- Task requirements -
Each line below must be transcribed exactly, and no picture may appear in the transcription.

- Data excerpt -
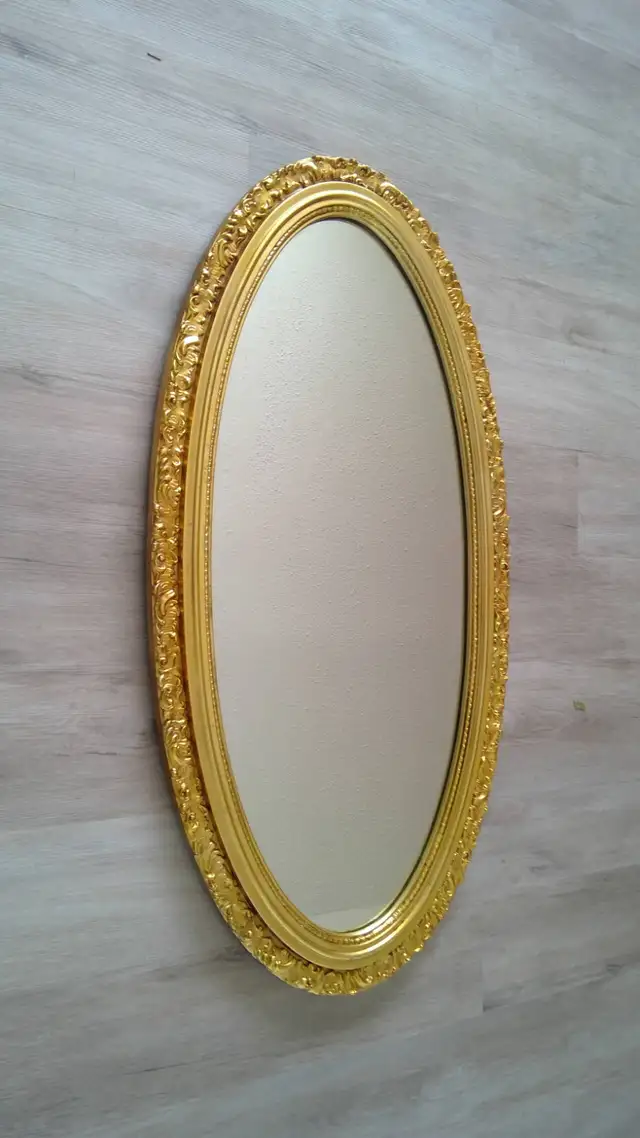 Oval Mirror - gold colour trim in Home Décor & Accents in Red Deer - Image 2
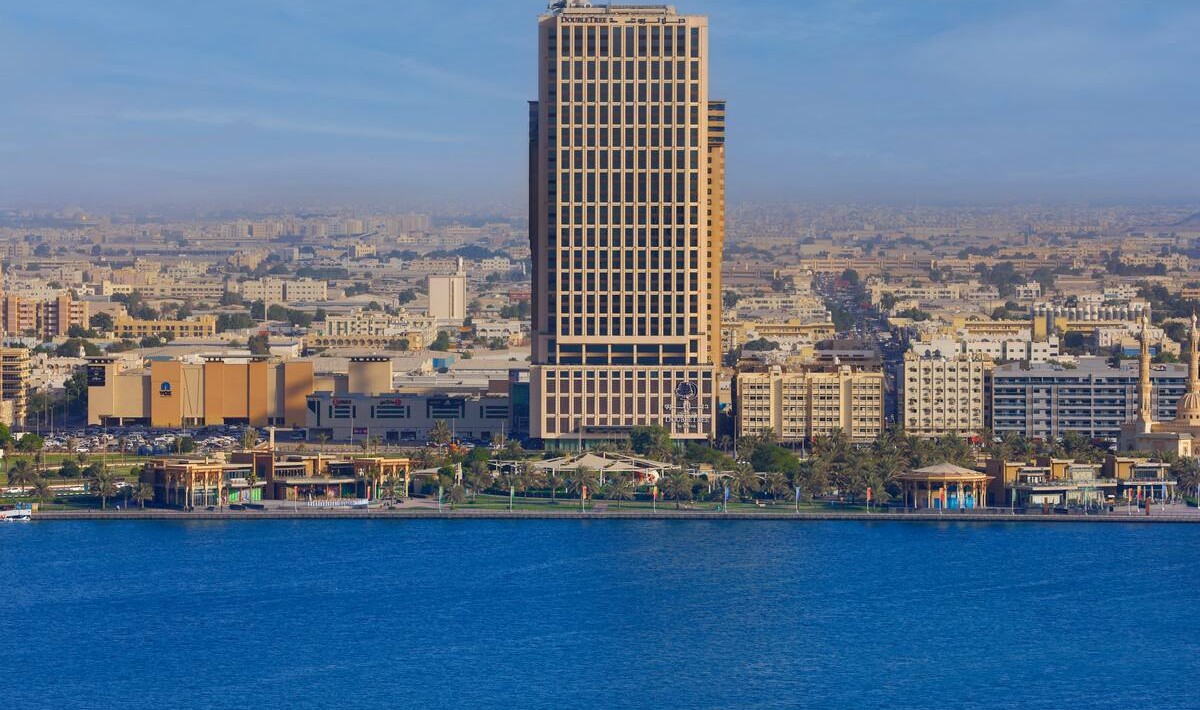 DoubleTree by Hilton Sharjah Waterfront Hotel & Residences - Immagine 1 DoubleTree by Hilton Sharjah Waterfront Hotel & Residences - Immagine 1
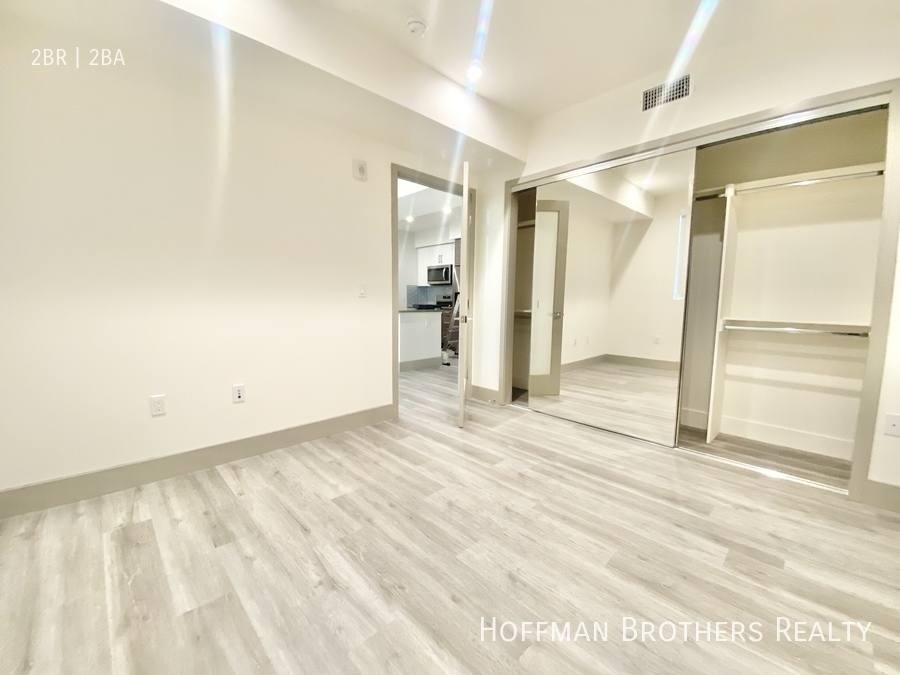 Apartment for rent at 4849 Oakwood Ave #401, Los Angeles, CA 90004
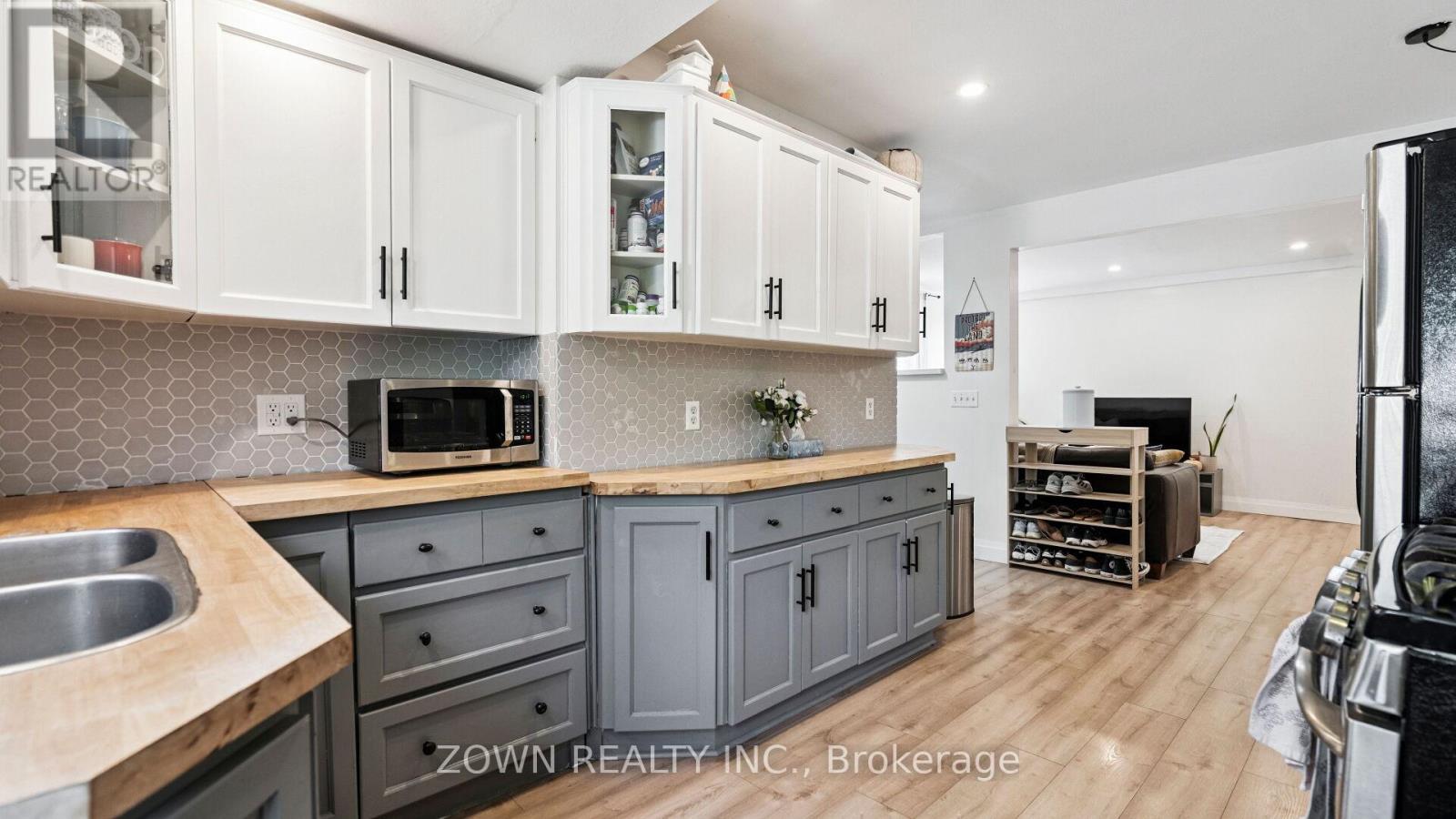 64 SHEAFFE STREET - 16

- Answer to the problem -
 Oval Mirror - gold colour trim in Home Décor & Accents in Red Deer - Image 2
 DoubleTree by Hilton Sharjah Waterfront Hotel & Residences - Immagine 1 DoubleTree by Hilton Sharjah Waterfront Hotel & Residences - Immagine 1
 Apartment for rent at 4849 Oakwood Ave #401, Los Angeles, CA 90004
 64 SHEAFFE STREET - 16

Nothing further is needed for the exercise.